In a meeting chaired by Iraqi Prime Minister Mohammed Shia’ al-Sudani on Tuesday, the Council of Ministers approved a proposal to amend the Iraqi budget law, which could pave the way for the resumption of the Kurdistan Region’s oil exports.
On March 25, 2023, Kurdish crude exports through Turkiye were stopped after an international arbitration court ruled in favor of Baghdad against Ankara, halting 450,000 barrels per day of crude oil exports to international markets.
The approved amendment stipulates that the Federal Ministry of Finance will be responsible for compensating the Kurdistan Regional Government for these costs.
The compensation will apply to the quantities of oil produced in the Kurdistan Region and received by the Iraqi State Organization for Marketing of Oil (SOMO) or the federal Ministry of Oil.
Furthermore, the Council emphasized the urgency of delivering the oil produced in the Kurdistan Region to SOMO or the federal Ministry of Oil.
The amendment outlines that the federal Ministry of Finance will provide an advance compensation of $16 per barrel for production and transportation costs.

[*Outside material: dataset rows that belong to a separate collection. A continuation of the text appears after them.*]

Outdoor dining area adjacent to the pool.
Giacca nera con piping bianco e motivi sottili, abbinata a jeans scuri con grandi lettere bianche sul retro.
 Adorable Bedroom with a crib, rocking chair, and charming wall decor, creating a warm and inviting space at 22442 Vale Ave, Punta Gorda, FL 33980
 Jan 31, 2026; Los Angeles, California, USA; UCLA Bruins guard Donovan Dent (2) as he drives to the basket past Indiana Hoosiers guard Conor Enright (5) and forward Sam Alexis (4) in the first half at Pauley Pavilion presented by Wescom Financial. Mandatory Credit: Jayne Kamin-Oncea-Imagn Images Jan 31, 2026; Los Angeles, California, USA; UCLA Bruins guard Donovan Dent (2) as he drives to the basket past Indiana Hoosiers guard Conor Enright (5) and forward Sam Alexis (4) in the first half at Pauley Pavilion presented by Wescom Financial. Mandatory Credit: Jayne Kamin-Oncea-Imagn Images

During the MERI Forum in Erbil on October 30, Kurdistan Region President Nechirvan Barzani said that Iraq has suffered a loss approaching $15 billion since the closure of the pipeline from the Kurdistan Region and called on Baghdad to approach this issue from an economic perspective.
“The prevailing situation in Iraq primarily involves service contracts, with certain areas, such as Gayara, incurring costs of approximately $26 to $27 for each barrel produced,” he said. “This raises the question of why companies are requesting only $20 for operations in the Kurdistan Region. This matter remains unresolved.
“In my opinion, the optimal solution would be to classify the oil from the Kurdistan Region as Iraqi oil, allowing it to enter the pipeline for export,” he concluded.